Ещё Паланик любил сыпать фальшивыми энциклопедическими сведениями, пугать излишней физиологичностью, стругать предложения так, как должны были бы выглядеть статусы в социальных сетях. Безусловно, он чувствовал время, чувствовал приближение помойки больших данных – где все на свете узнается из википедии и цитируется со статистической точностью. Чувствовал восторг от тошнотворного, знакомый интернет-пользователям, знал, что писать надо коротко и понятно.
Его герои сплошь неудачники — типичные битарды начала 2000-х, все они запросто могли бы оказаться завсегдатаями анонимных имиджборд и авторами длинных комментариев.
Но сами произведения Паланика на почве, удобренной им, не прижились. Он стал писателем интересным разве что подросткам.

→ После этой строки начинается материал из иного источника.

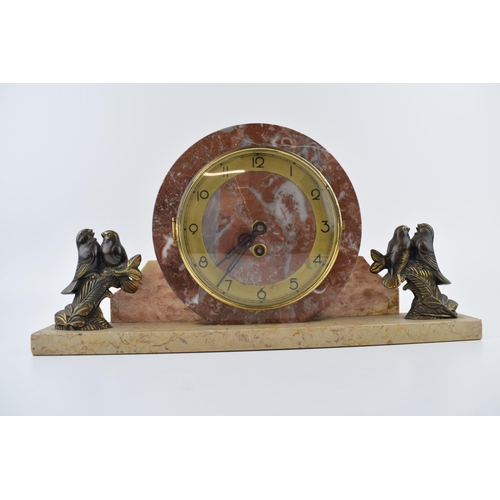 421 - French Art Deco mantle clock, flanked by lovebirds, 43cm long.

Но тогда — на лотке у Академической я купил «Колыбельную», разрекламированную опасным продавцом, прочитал её за ночь и ходил весь день по школе счастливый. Тогда было ощущение, что впереди тысяча революций и переворотов. Стояли чудесные сентябри и волшебные июни. Были цепи и биты, была свобода в голове, и такой прекрасной казалась мебель из Икеи.
И в этом, конечно, заслуга совсем не Паланика, но у кого не замирает сердце при первых аккордах Where is my mind? — у того его (сердца) нет. Ведь понятно, что под эти звуки именно ты взрывал небоскребы. Повзврывал? – ну и хорошо, хватит в игрушки играть, пора делом заняться.